**What is required**
Your answer should hold exactly the lines beginning with the one that contains "With the neck, you're" and ending with the last line of the material, both included. Leave every picture out.

**Input data**
:::

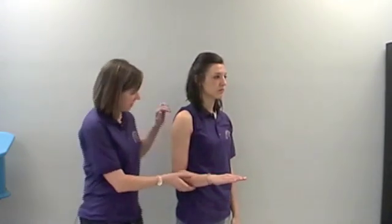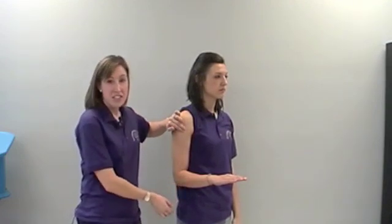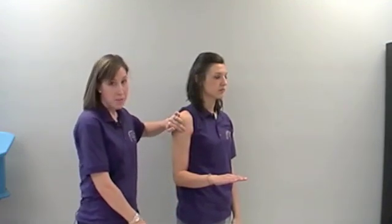While the patient is in a standing position, have their elbow in a flexed position against their trunk at 90 degrees. Pronate the patient's forearm. Palpate the bicipital groove, lateral to the armpit and below the acromion process.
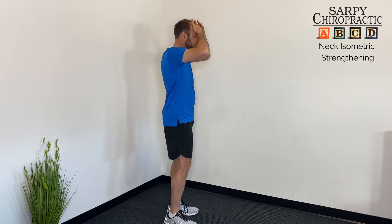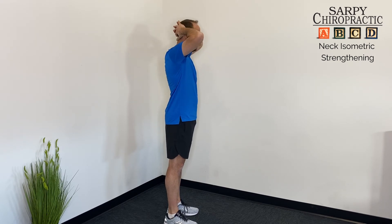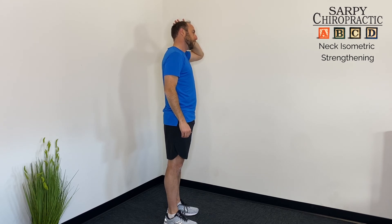With the neck, you're simply holding as neutral a position as possible while you apply the force. You will end up usually pushing your neck or head in that direction a little bit, but you don't want to go too far as you're just trying to hold it stable.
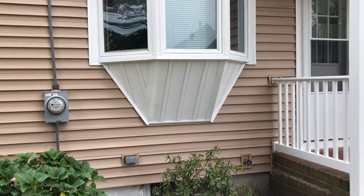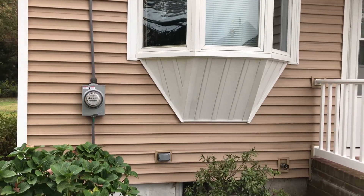Also, while I'm here, here's the bay window. I finally finished off the bottom part of it.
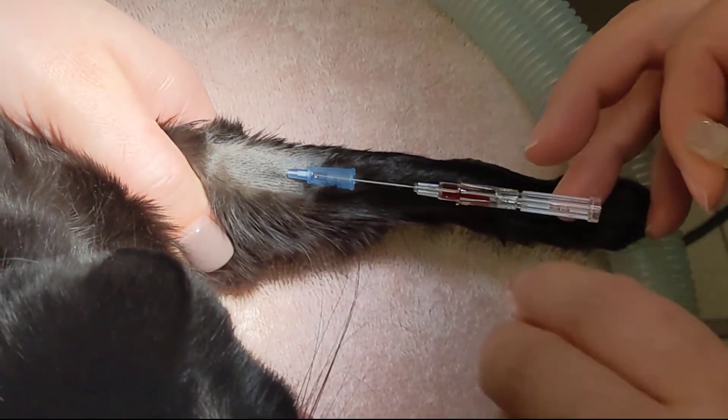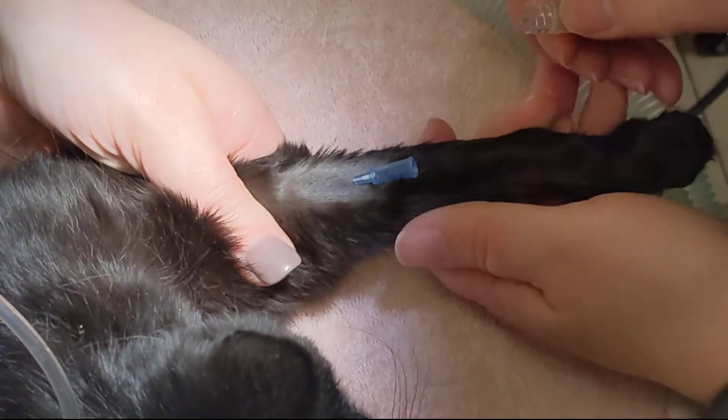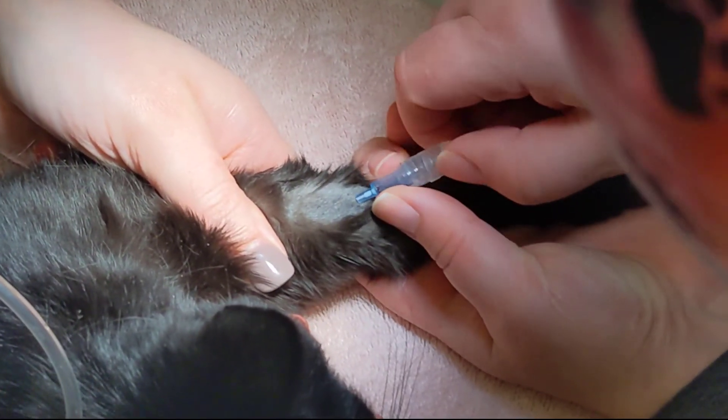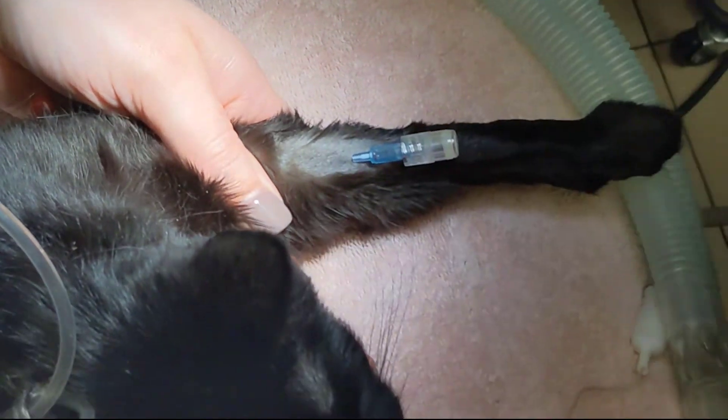There are several reasons this may have happened. The animal's blood pressure may be low, the catheter may be burred, damaged, or compromised in some way, or the catheter may not actually be inside the vein.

:::

**Output below**
With the neck, you're simply holding as neutral a position as possible while you apply the force. You will end up usually pushing your neck or head in that direction a little bit, but you don't want to go too far as you're just trying to hold it stable.
Also, while I'm here, here's the bay window. I finally finished off the bottom part of it.
There are several reasons this may have happened. The animal's blood pressure may be low, the catheter may be burred, damaged, or compromised in some way, or the catheter may not actually be inside the vein.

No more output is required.